ZEIT ONLINE: One of Russia’s foreign policy goals is dividing and weakening the EU. Could it be that in the case of Brexit, you were directly or indirectly used for this Russian goal?

Farage: It is obvious that the EU wants to expand to the east and threatens Russia. That’s completely mad.

ZEIT ONLINE: What you say isn’t true. It wasn’t the EU that triggered the revolution in Ukraine, but the Ukrainians who wanted better relations with the EU.

Farage: I want the EU to be destroyed and it doesn’t matter if God or the Dalai Lama wants it as well. The EU is an anti-democratic, failing structure. You know, you are the first person who has asked me if Russia supported me. Maybe you have a special German mindset. No other journalist in the world has asked these questions.

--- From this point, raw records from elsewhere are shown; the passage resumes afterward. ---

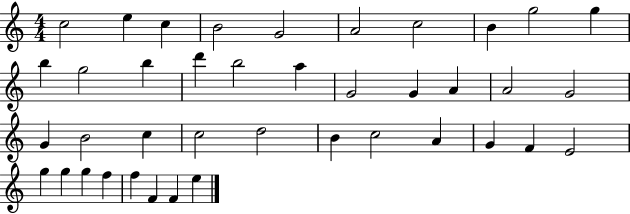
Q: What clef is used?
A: treble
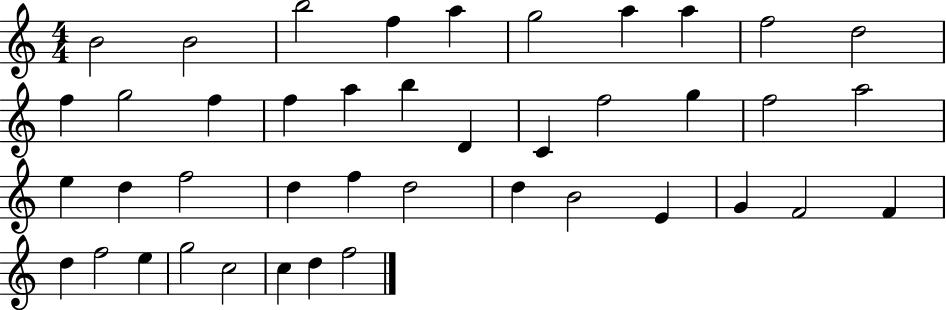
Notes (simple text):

B4/h B4/h B5/h F5/q A5/q G5/h A5/q A5/q F5/h D5/h F5/q G5/h F5/q F5/q A5/q B5/q D4/q C4/q F5/h G5/q F5/h A5/h E5/q D5/q F5/h D5/q F5/q D5/h D5/q B4/h E4/q G4/q F4/h F4/q D5/q F5/h E5/q G5/h C5/h C5/q D5/q F5/h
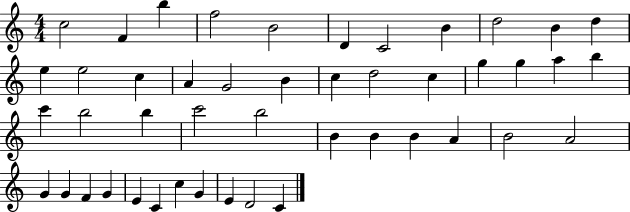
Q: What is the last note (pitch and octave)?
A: C4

ZEIT ONLINE: I just want to understand your role.

Farage: We have no links to Russia.

ZEIT ONLINE: You didn’t meet with the Russian Embassy’s deputy chief-of-mission in London?

Farage: Nope.

ZEIT ONLINE: Not in 2013, before the Brexit campaign was conceived?

Farage: Ah, hang on. He came to the EP office. Or I met with him in London. So what?

ZEIT ONLINE: Why did you meet with him?

Farage: I think you are a nutcase! You are really a nutcase! Brexit is the best thing to happen: for Russia, for America, for Germany and for democracy. And that’s the key point.

Farage’s press spokesman again interrupts the interview. He says that the interview should focus more on trade relations between Germany and the UK. Farage nods.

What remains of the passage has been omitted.